* [TASK INPUTS]
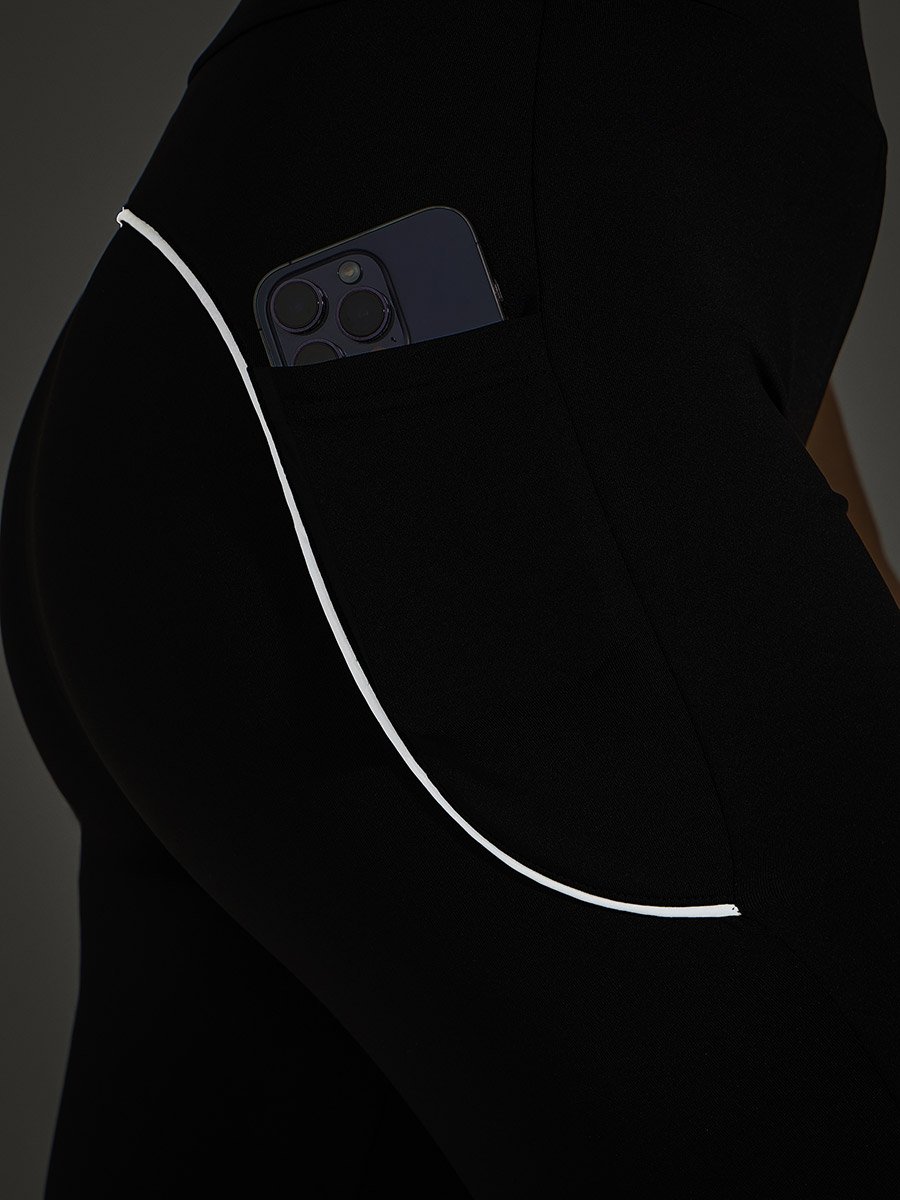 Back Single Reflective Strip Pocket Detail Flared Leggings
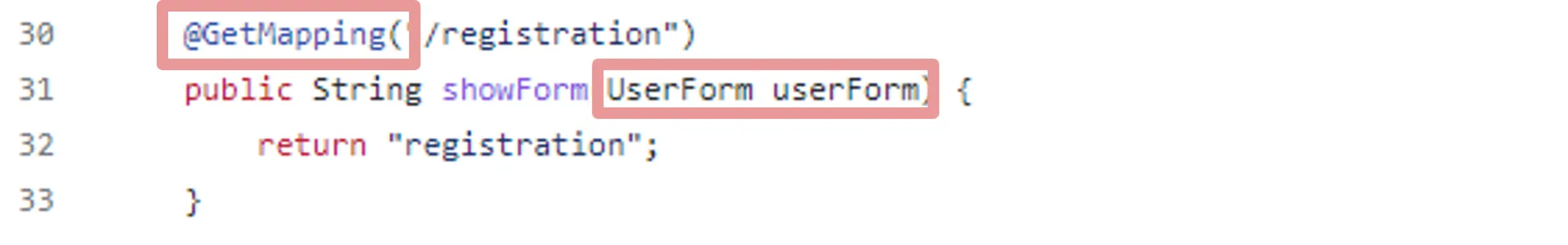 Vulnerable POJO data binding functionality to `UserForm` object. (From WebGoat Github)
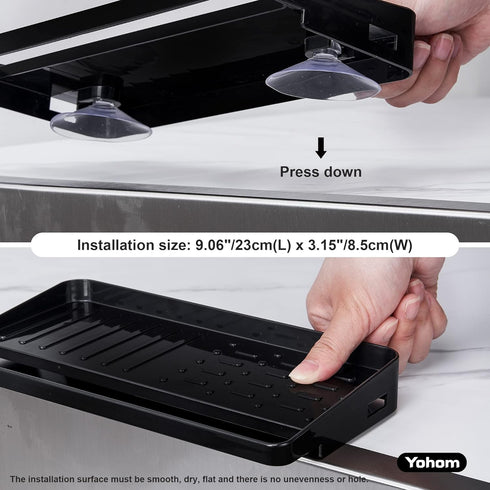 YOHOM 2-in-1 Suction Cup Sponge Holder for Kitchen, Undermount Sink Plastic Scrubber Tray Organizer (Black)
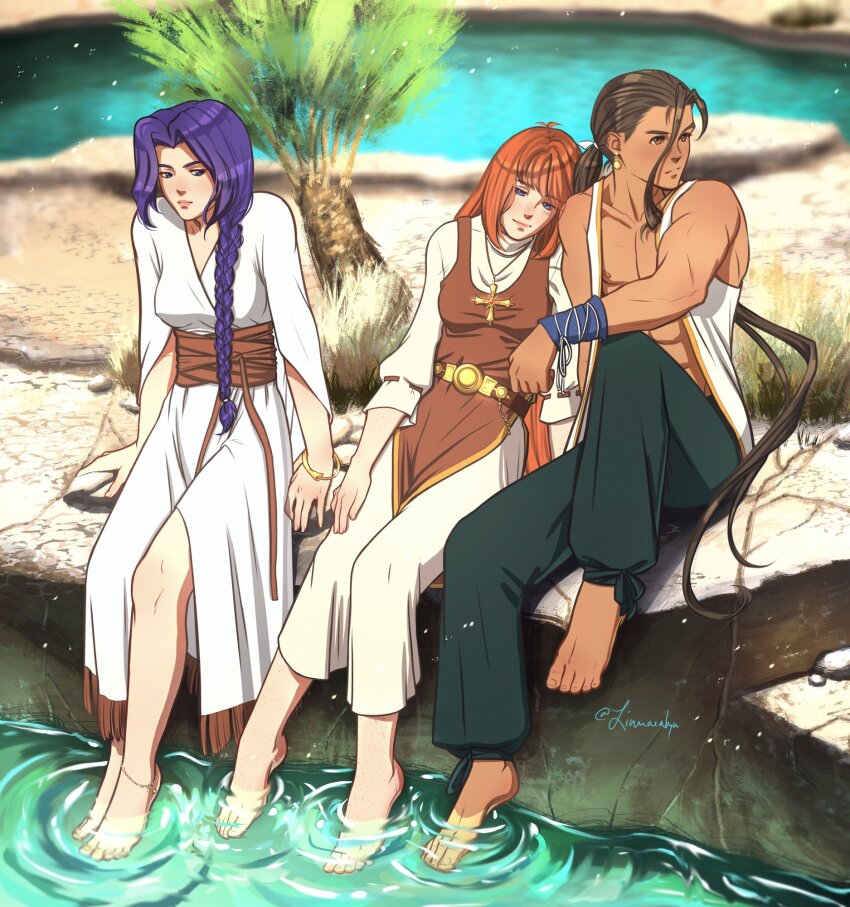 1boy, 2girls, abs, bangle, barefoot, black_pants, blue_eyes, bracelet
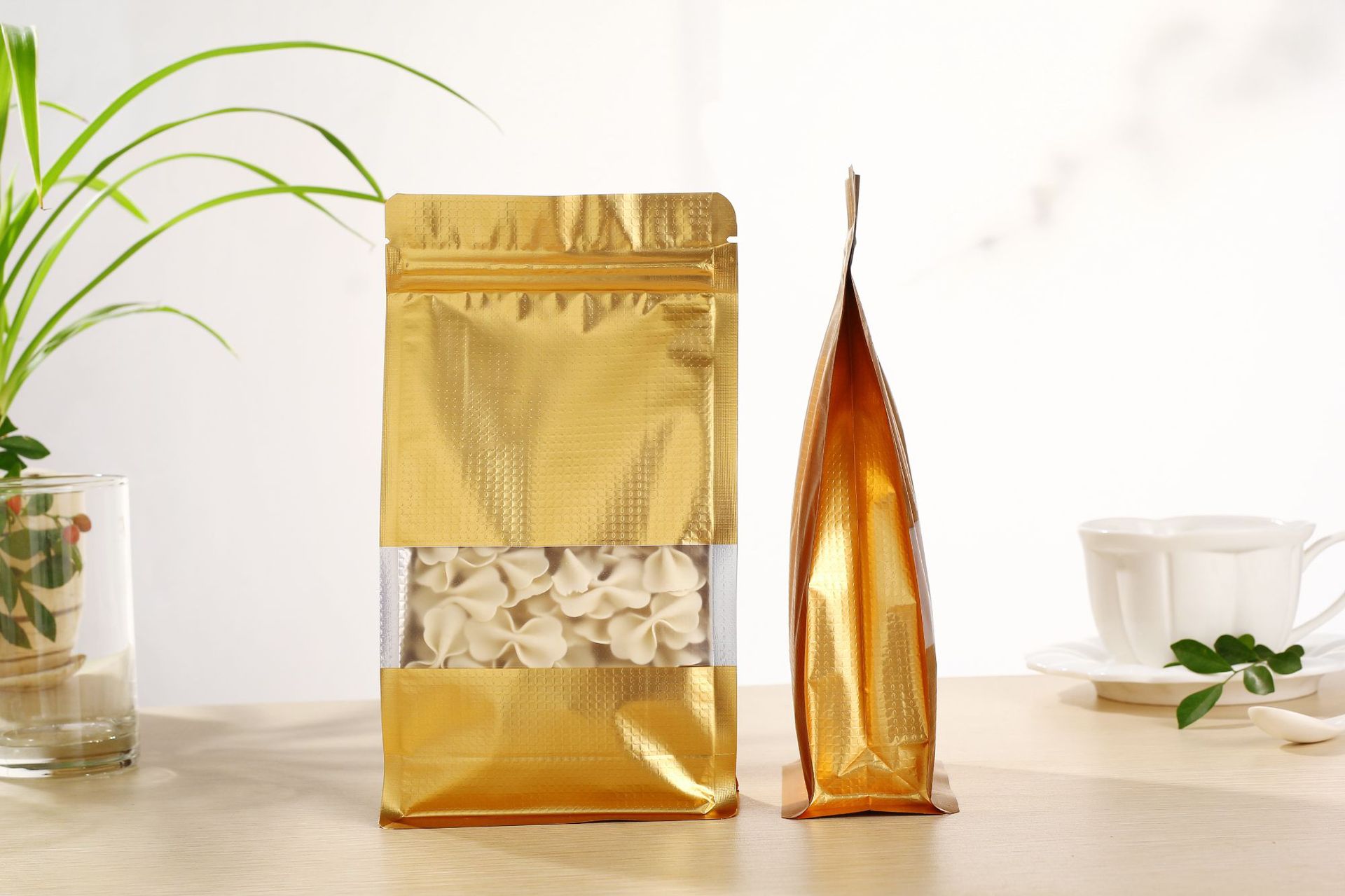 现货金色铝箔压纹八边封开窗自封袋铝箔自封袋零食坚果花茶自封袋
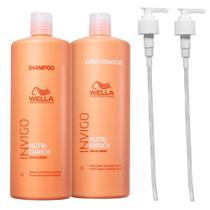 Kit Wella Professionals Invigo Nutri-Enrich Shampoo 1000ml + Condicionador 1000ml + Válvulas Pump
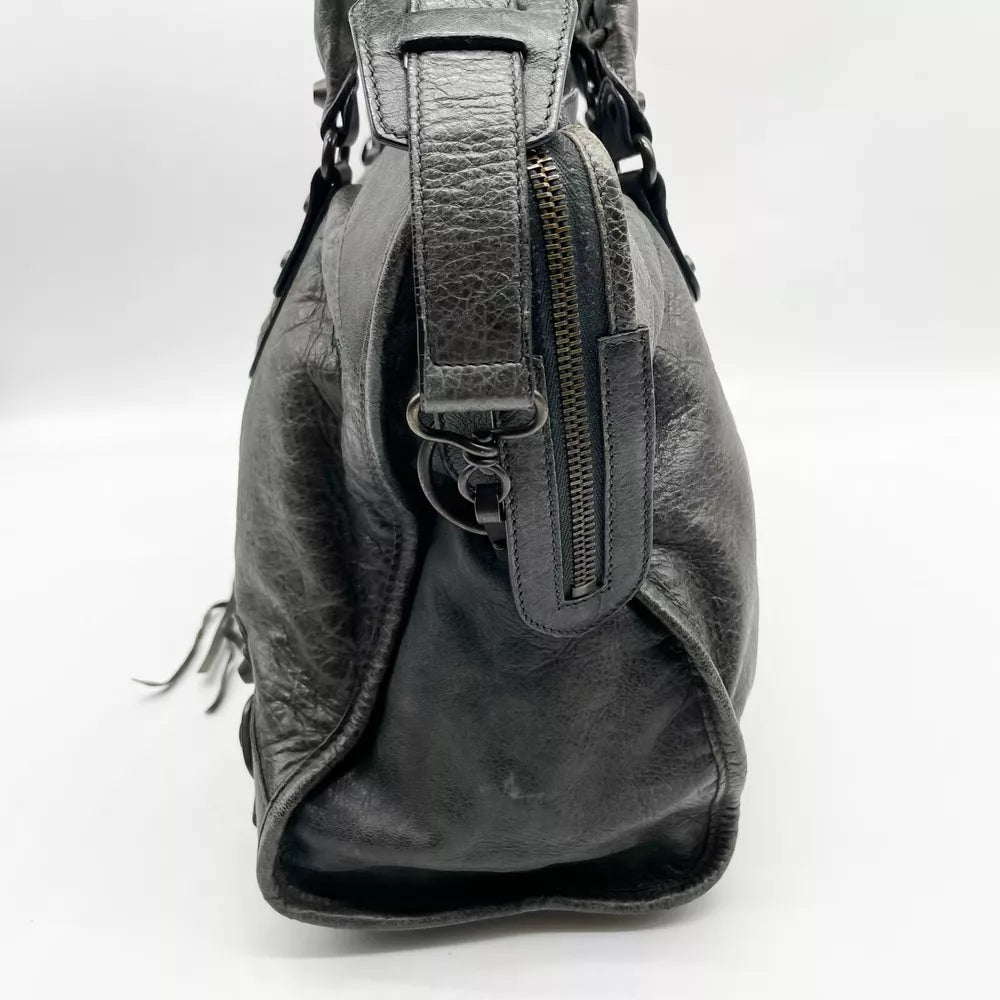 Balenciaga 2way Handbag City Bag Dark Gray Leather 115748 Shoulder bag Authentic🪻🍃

* [EXERCISE GOAL] What you give back must match the entries exactly, apart from the omitted pictures.

* [TASK ANSWER]
 Back Single Reflective Strip Pocket Detail Flared Leggings
 Vulnerable POJO data binding functionality to `UserForm` object. (From WebGoat Github)
 YOHOM 2-in-1 Suction Cup Sponge Holder for Kitchen, Undermount Sink Plastic Scrubber Tray Organizer (Black)
 1boy, 2girls, abs, bangle, barefoot, black_pants, blue_eyes, bracelet
 现货金色铝箔压纹八边封开窗自封袋铝箔自封袋零食坚果花茶自封袋
 Kit Wella Professionals Invigo Nutri-Enrich Shampoo 1000ml + Condicionador 1000ml + Válvulas Pump
 Balenciaga 2way Handbag City Bag Dark Gray Leather 115748 Shoulder bag Authentic🪻🍃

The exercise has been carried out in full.